Dialing in the grayscale helps align the primary and secondary colors. While its not perfect, its still much better than before as you’ll soon see.
What you’ll need:
- Calibration meter. We recommend the X-rite i1-pro for the most accuracy. Rent one from us! You could use the cheaper X-Rite Eye-One Display LT
but we’ve found them to be inaccurate with this display.
- USB to Serial Converter
(Cost: $10)
- Straight Through Serial Cable DB9
(Cost $9)
- Controlcal software. This software utility sends commands through your panels RS232 port. Download, donate and contact Turbe for the .10 profile. (Cost: $60)
- Color HCFR software (Cost: Free)
- AVS 709 disc. This disc contains your test patterns. Download and burn onto a DVD-R. (Cost: Free) Included with rental
- Blu-ray player
- Windows Laptop (XP /Vista) or Macbook with Bootcamp
- Time – about 2-3 hours of it. (Cost: varies)
Picture Modes, Refresh rates and RGB tables
Before we start we need to decide which picture mode to calibrate. Movie mode is by far the most accurate and the one we recommend. The problem is calibrating Movie shifts the color temperature for the others modes making them useless. Don’t worry, there is a workaround for this. Before we get to that, it’s important to understand how the refresh rates on this display works. The display can operate in 2 refresh rates, 60hz and 72hz depending on the Pure Cinema (PC) setting AND incoming signal. The below chart shows you when each refresh rate is active.

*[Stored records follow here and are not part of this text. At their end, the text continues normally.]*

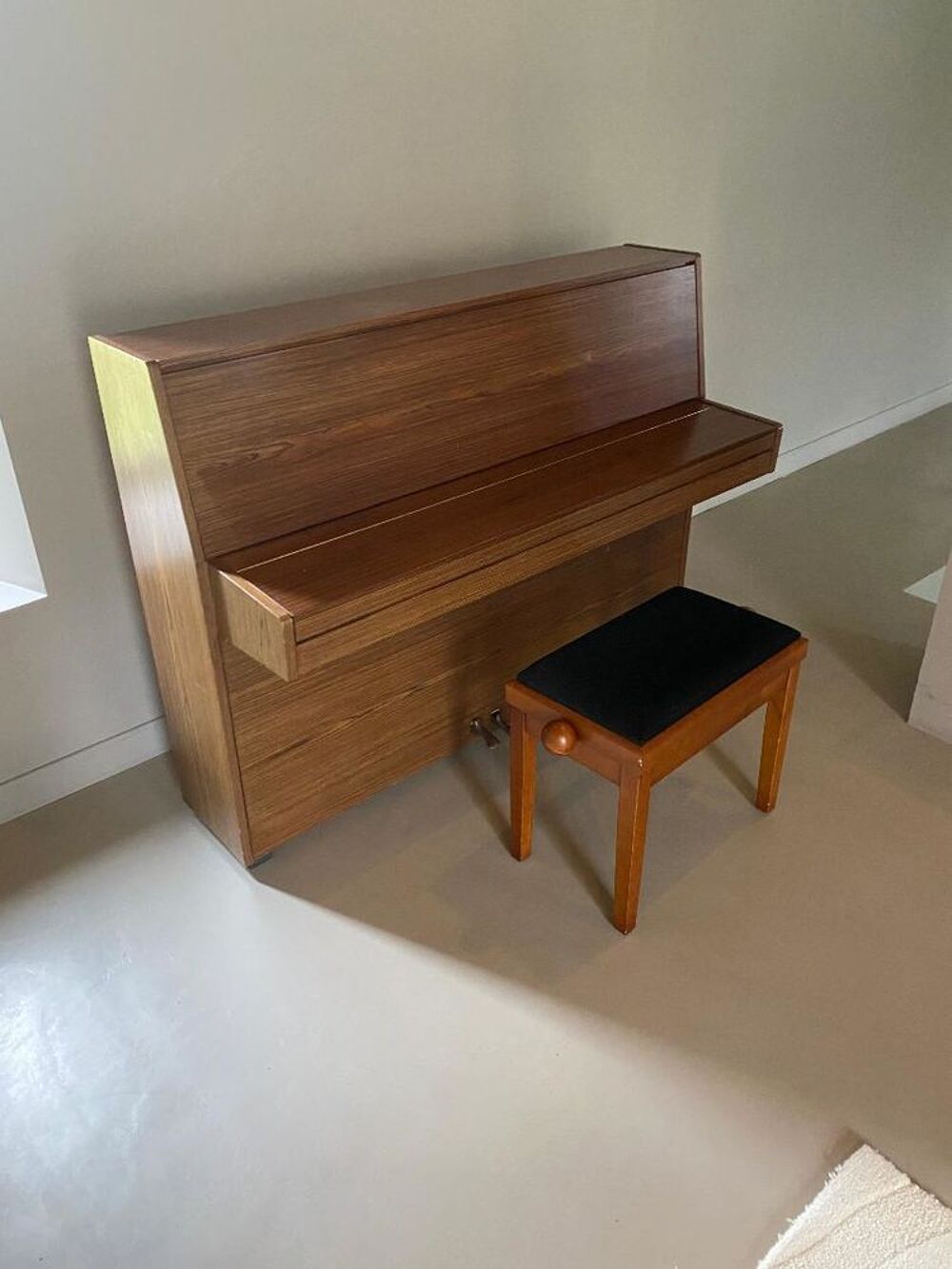 Piano droit 3 p&eacute;dales Instruments de musique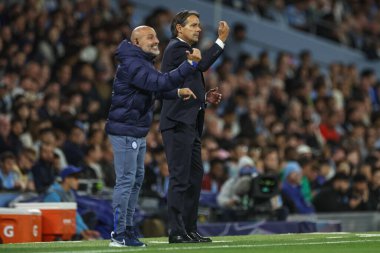 Inter Milan 'ın teknik direktörü Simone Inzaghi takımına UEFA Şampiyonlar Ligi sahne maçı sırasında Manchester City ile Inter Milan' ın Etihad Stadyumu, Manchester, İngiltere, 18 Eylül 2024 'te karşı karşıya geldikleri maçta talimat verdi.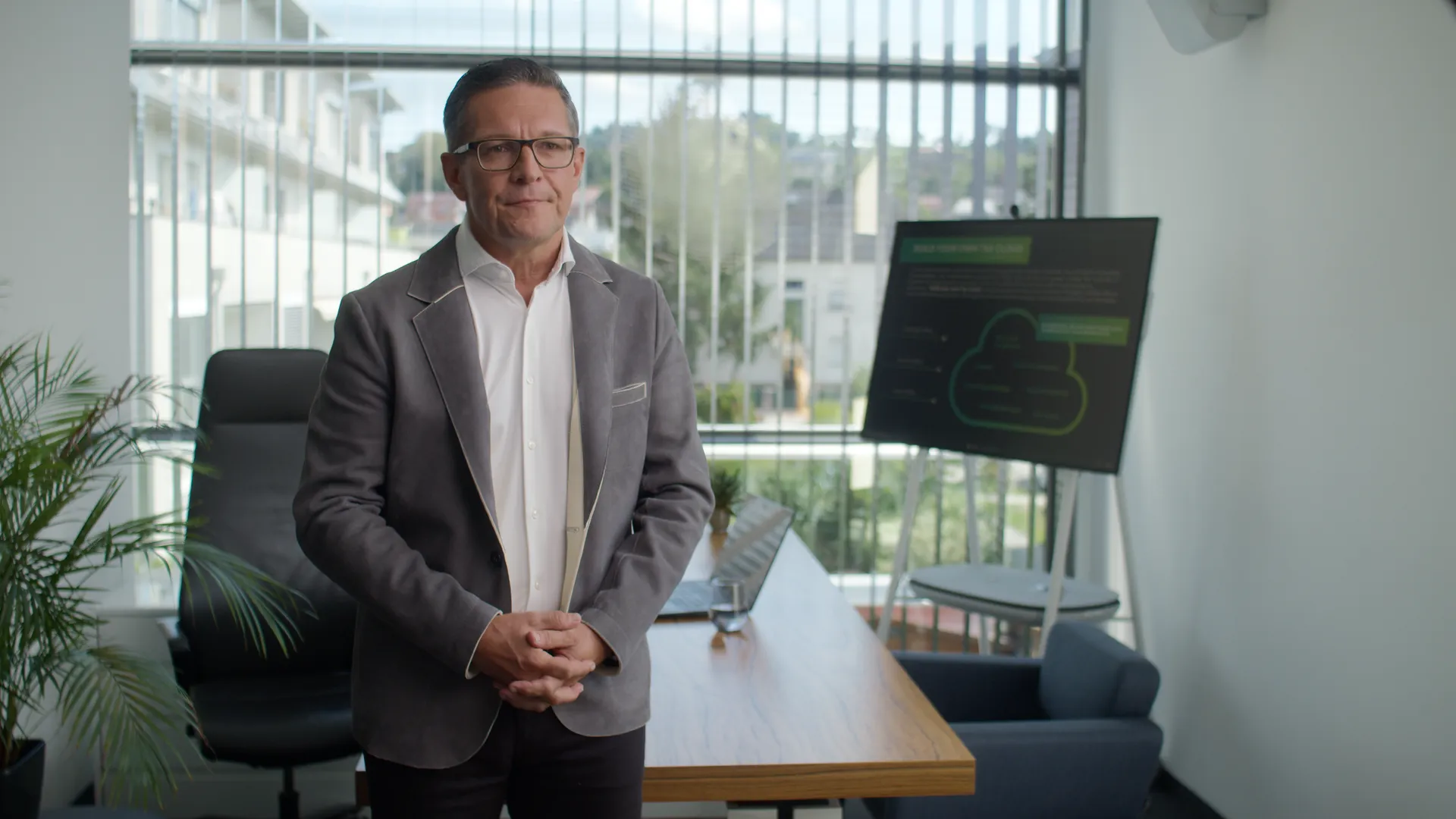 Grauwerk Microsoft/ base-It, Customer Success Stories, Werbefile, Still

Here’s the kicker: Each refresh rate has its own grayscale table. What does that mean? It means with a little Pure Cinema trickery, we can tie one table to Movie and a completely separate one to Standard. But which ones? Keep in mind most Blu-ray movies are encoded in 24fps (24hz), therefore a refresh rate with a multiple of 24 is ideal for the smoothest motion, in this case 72Hz where frames are repeated 3 times. However most DVD players, cable/satellite boxes and game consoles run at 60Hz. What to do? 2 Options here:
Hippo’s Movie set it and forget it (SIF) Recommendation:
- Calibrate both 60Hz and 72Hz RGB tables to Movie mode. Then set PC: Standard. As you can see from the table, this PC mode will automatically switch between the ideal 60Hz mode for 60Hz inputs and 72Hz for 24Hz input. Tada!
Hippo’s Occasional Standard Mode (OSM) Recommendation:
- Sometimes you want the punch of Standard mode even though the color and gamma are not as accurate.
- Calibrate 72Hz table to Movie mode and 60Hz to Standard. Then set PC: Advanced for Movie, and PC: OFF for Standard. Switch back and forth between Movie and Standard.
Preparing and installing software
Before you begin:
- We recommend you do the calibration in a light controlled environment.
- Make sure your laptop is powered with an AC adapter. Disable any hibernation features
- Plug in the USB to serial adapter and install the driver if necessary. Go to device manager and note which COM port is assigned to the adapter.
- Connect the RS232 cable to the back of your Pioneer. Make sure to use the finger screws to lock it in.
- Leave your Pioneer display turned OFF.
Installing Controlcal:
- Download and install Controlcal using all default options.
- Launch the application. If you get a COM warning, don’t worry about it for now. Activate by going to help–>activate. Enter the information provided by Turbe.
- Open the Pioneer 9G profile by clicking File–>Open and point it towards the .CDP file obtained by Turbe.
- Go to settings and change the port assignment (COM1-Com4).
- Make sure to disable the auto-send option.
- Minimize the application for now.
Color HCFR and i1 pro driver installation
- Download and install the i1-pro diagnostic software. This installs the windows driver for the meter.
- Download and install Color HCFR 2.1.0 using all installation defaults.
- Copy the eyeone.dll file from C:\program files\X-rite\i1Diagnostics to c:\program files\Color HCFR. Go ahead and overwrite.
- Launch the HCFR application. Go to File–>New
- Make sure DVD manual is selected and hit next.
- Click on the “configure sensor button”

- Change the i1 parameters to match below.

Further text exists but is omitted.